The Accelerator Attack captures have no injected messages, but simply record the CAN data when the vehicle is in this state. Discrepancies exist between the vehicle's actions and the driver's inputs, e.g., acceleration occurs regardless of the accelerator pedal position.
Obfuscation
While other public CAN datasets provide information on the make, model, and year of the vehicles attacked, it would be irresponsible, given our previous disclosure, to release such information. Furthermore, we have taken steps to obfuscate the CAN data in such a way as to preserve the characteristics necessary for CAN IDS development, while ideally preventing users from knowing the make, model, and year of the vehicle. Below we itemize the augmentations performed on the data to preserve anonymity:
- Absolute timestamps are shifted uniformly by a scalar.
- Arbitration IDs that were constant, aperiodic, or periodic with frequency under 0.1 Hz (less than one frame per ten seconds) were replaced with the ``filler message'' FFF#0000000000000000 (ID#Data in hex) and same relative timestamp.
- Messages on reserved IDs (greater than 0x700: e.g., diagnostic messages) have been removed.
- IDs have been anonymized in such a way that arbitration order/priority is not preserved. There is a one-to-one mapping between the original and the anonymized IDs for a given vehicle (not including the ``filler messages'' under ID 0xFFF). For example, if ID 0x10 is converted to ID 0x821 in an anonymized log, the same is true for all logs.
- Data fields have been scrambled in such a way that signals have been preserved, and fields are scrambled in a consistent way for each ID; e.g., if the first byte is moved to the end of the field for ID 0x10, it will be shifted this way in all messages from ID 0x10.
Syntactic Information
All of the CAN data files are logged using the standard can-utils (https://github.com/linux-can/can-utils ) candump format.
While timestamps are reported with a precision of 1 μ s, the hardware used to collect this data (a Kvaser Leaf Light V2) only guarantees an accuracy of 100μ s. Note that all data fields in these logs contain the full 8 bytes, which we padded with zeros if necessary. The channel is always "can0", so this column can be dropped. We provide metadata (in JSON format) for each capture, including a general description of driving activities, the length of the capture in seconds, and whether or not the car was on the dynamometer. For attack captures, we also include whether the capture was modified (i.e., masquerade attacks), the injection ID and data field, and the interval of injection (start, end) corresponding to the time of the first/last injected message in elapsed seconds. Importantly, we do not label individual messages as attack/normal, because the software we used to collect did not have that capability. However, with injection ID, data, and intervals, these can be labeled in post-processing fairly easily.
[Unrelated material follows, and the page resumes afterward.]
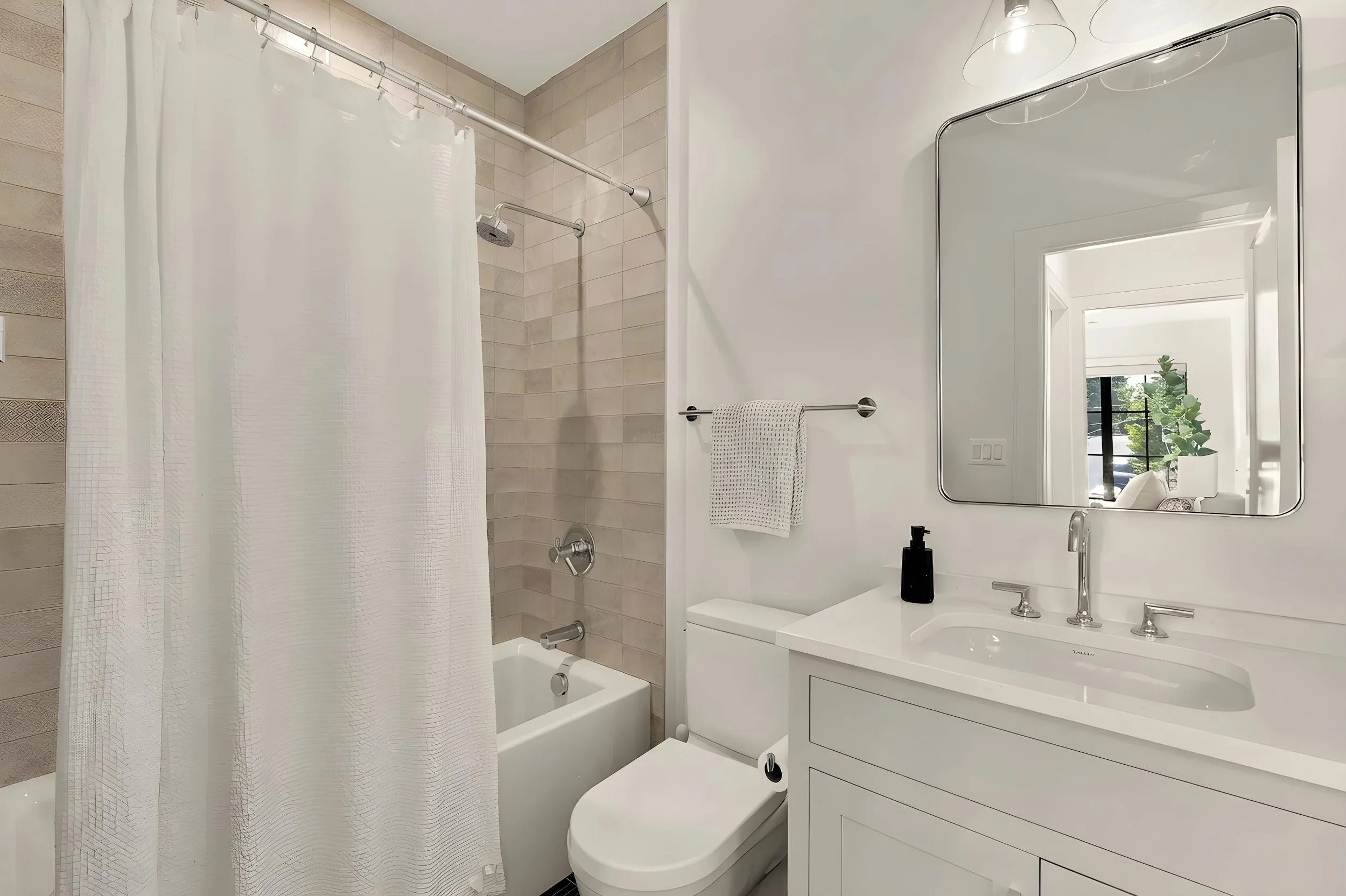 135 N Edgewood St-0078.jpg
We use a wildcard character “X” in the injection data str field to indicate that the byte in the given position was not modified in the injection when only one signal in the data field is targeted. Similarly, “X” in the injection id field indicates that no particular ID was targeted, which is only the case in the fuzzing attack. For the accelerator attack, the injection id and injection data str are null, and the injection interval is just the start and end time of the capture. (Note that all of these details are included in the full documentation.)
The translated time series are represented in CSV format, the other signal translated dataset. Specifically, the CSV files have the following columns: Label, ID, Time, and Signal-<i>-of-ID. Labels are either 0 (benign) and 1 (attack), and all the entries in the ambient captures are labeled 0. Each of the signals within an ID is named based on the index they have when translated, i.e., i = 0,1,...,NID −1, where NID is the maximum number of signals in a particular ID. We added a metadata file for each of the logs describing the details of the CSV files.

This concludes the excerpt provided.